WORK TO BE COMPLETED:
Without the images, write out the entries word for word.

DATA SUPPLIED:
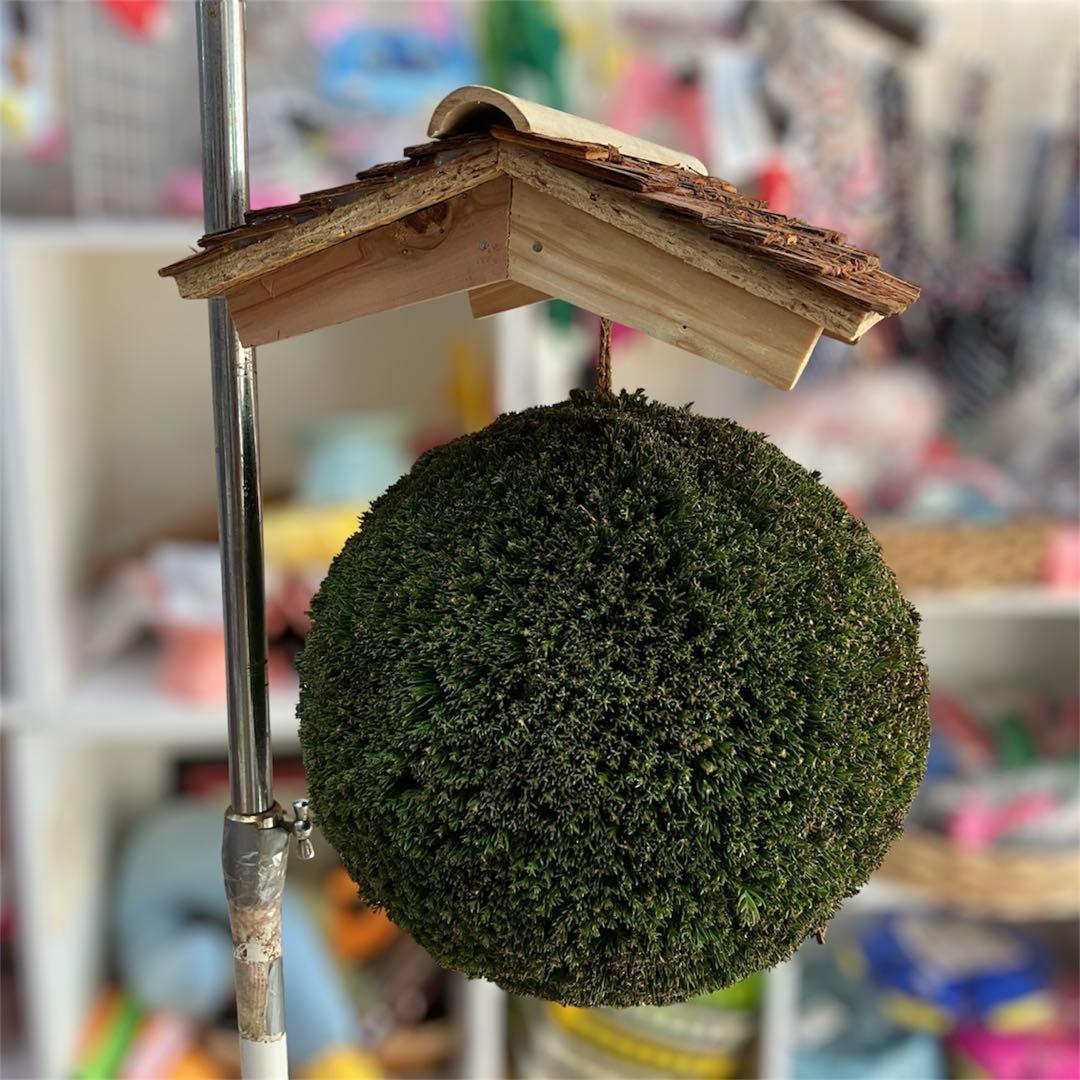 杉玉【屋根付き】⑤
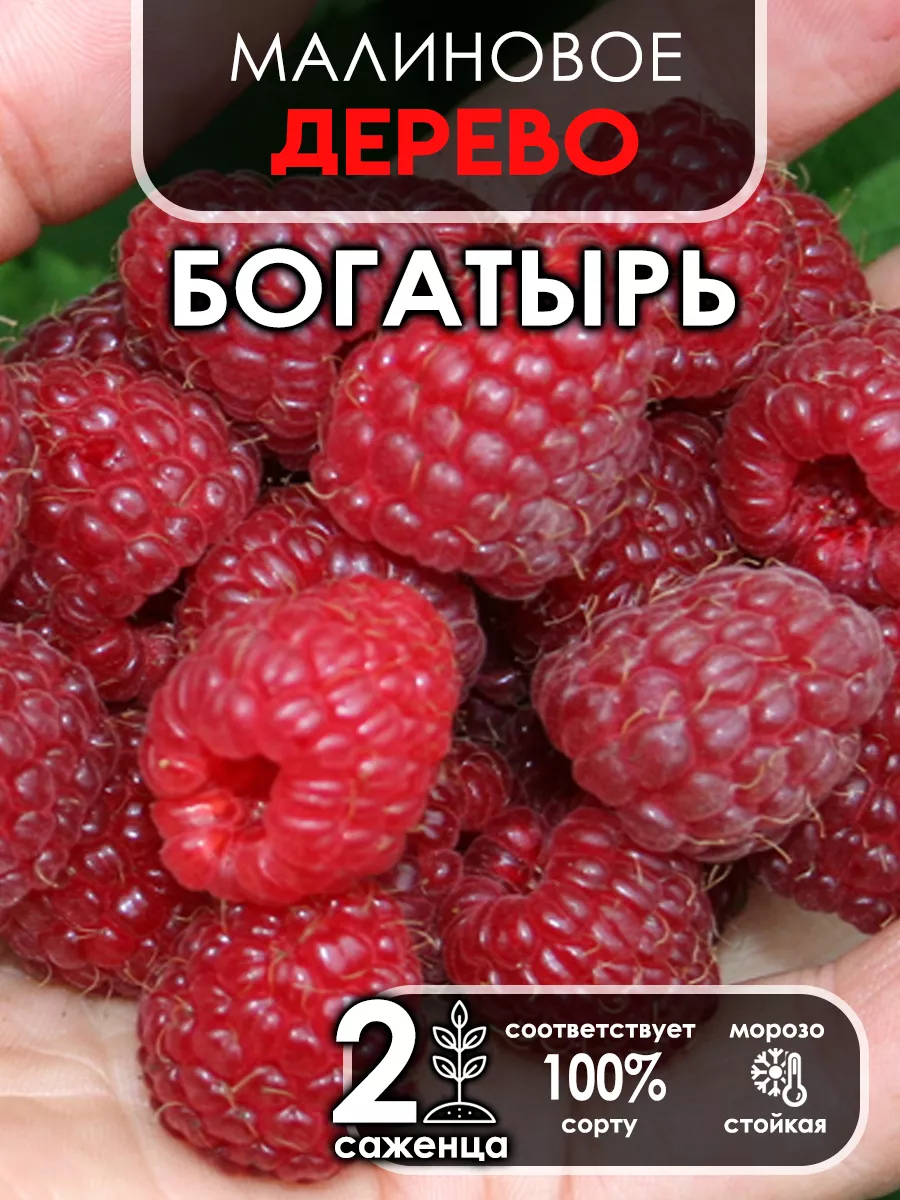 Дерево Саженец малины...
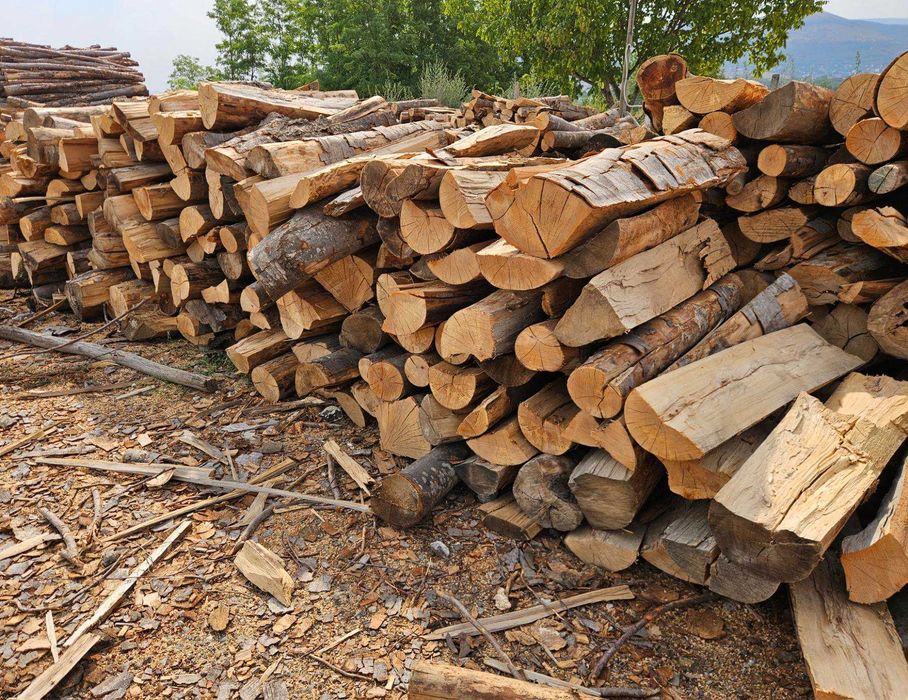 Дърва за огрев от 70€ реален кубик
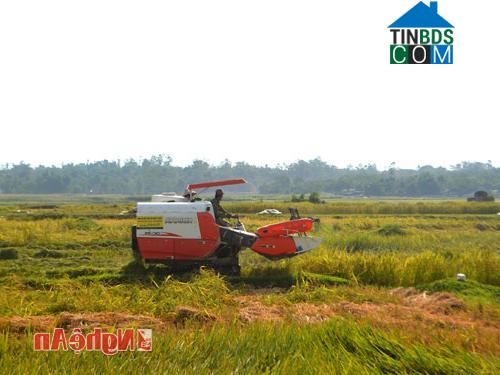 Hình ảnh Bích Hào, Nghệ An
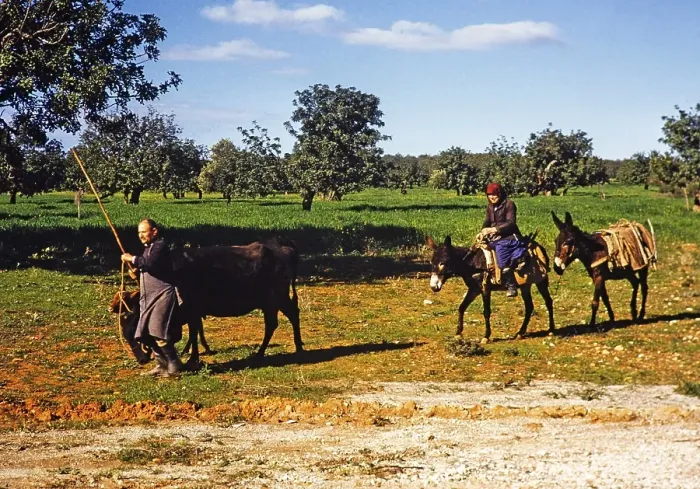 Framed Print : Ein Bauer fuehrt eine Kuh und ein Kalb mit einer Frau, die auf einem Esel reitet, ueber das Ackerland, traditionelle Lebensweise im laendlichen Zypern 1963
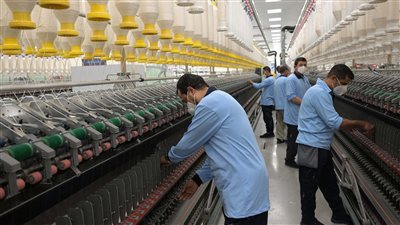 «القابضة للغزل والنسيج» تحقق صادرات بقيمة 2.3 مليار جنيه خلال 2024–2025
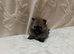Miniature Pomeranian boys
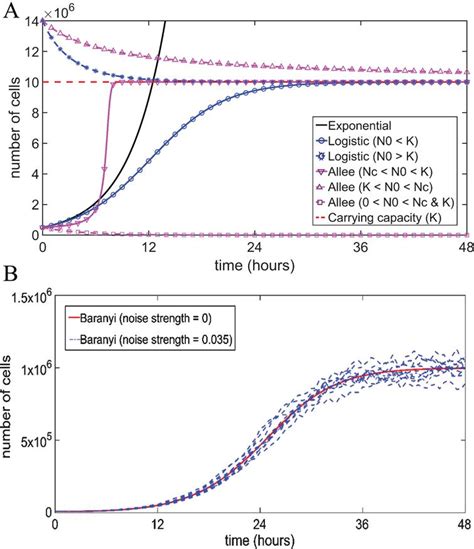 Exponential Growth Model Formula Population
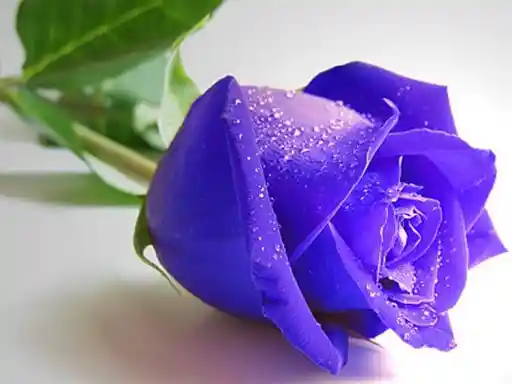 Game: Rompecabezas de Rosas Azules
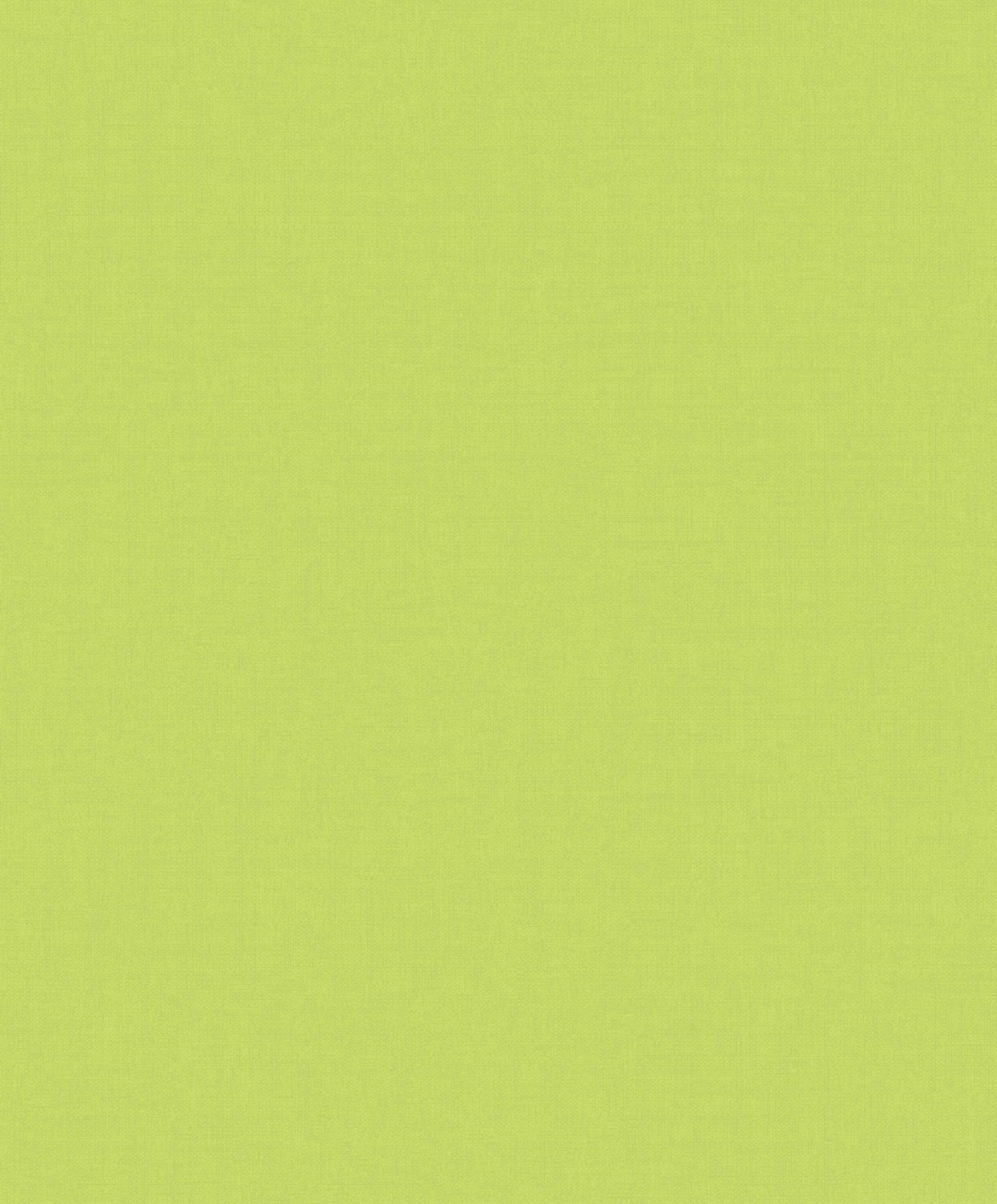 1920x2319 2880x1800 solid green background aÃÂ·a' download free awesome hd wallpapers  for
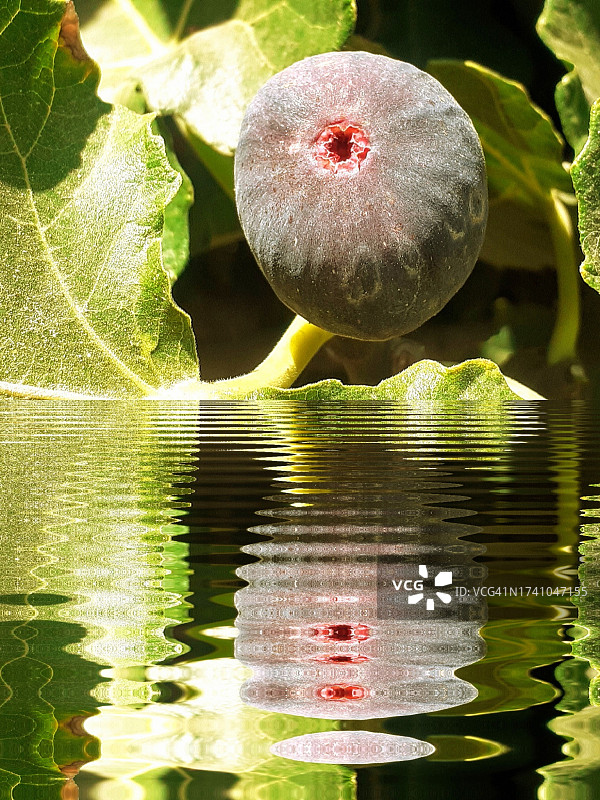 树上生长的水果特写图片素材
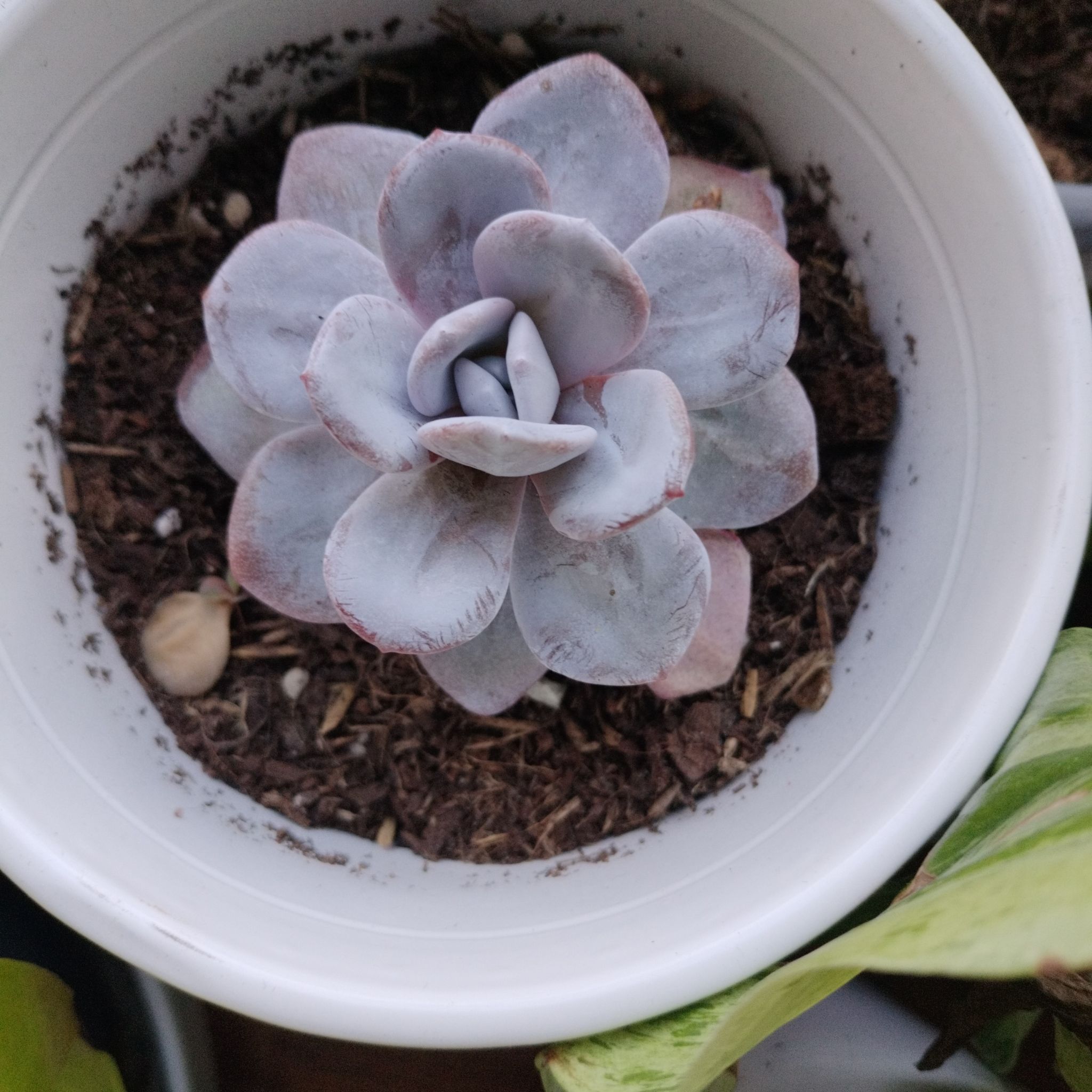 Echeveria laui succulent in a white pot with visible soil.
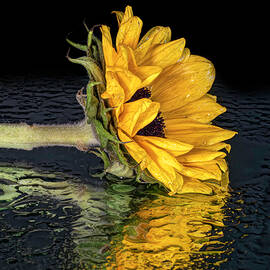Sunflower in Tears by Sandi Kroll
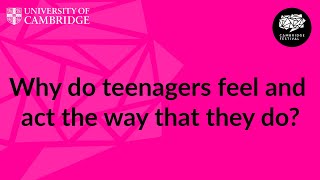 Adolescent mental health and development with Chris Mann and Professor Sarah Jayne Blakemore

RESPONSE:
 杉玉【屋根付き】⑤
 Дерево Саженец малины...
 Дърва за огрев от 70€ реален кубик
 Hình ảnh Bích Hào, Nghệ An
 Framed Print : Ein Bauer fuehrt eine Kuh und ein Kalb mit einer Frau, die auf einem Esel reitet, ueber das Ackerland, traditionelle Lebensweise im laendlichen Zypern 1963
 «القابضة للغزل والنسيج» تحقق صادرات بقيمة 2.3 مليار جنيه خلال 2024–2025
Miniature Pomeranian boys
 Exponential Growth Model Formula Population
 Game: Rompecabezas de Rosas Azules
 1920x2319 2880x1800 solid green background aÃÂ·a' download free awesome hd wallpapers  for
 树上生长的水果特写图片素材
 Echeveria laui succulent in a white pot with visible soil.
Sunflower in Tears by Sandi Kroll
 Adolescent mental health and development with Chris Mann and Professor Sarah Jayne Blakemore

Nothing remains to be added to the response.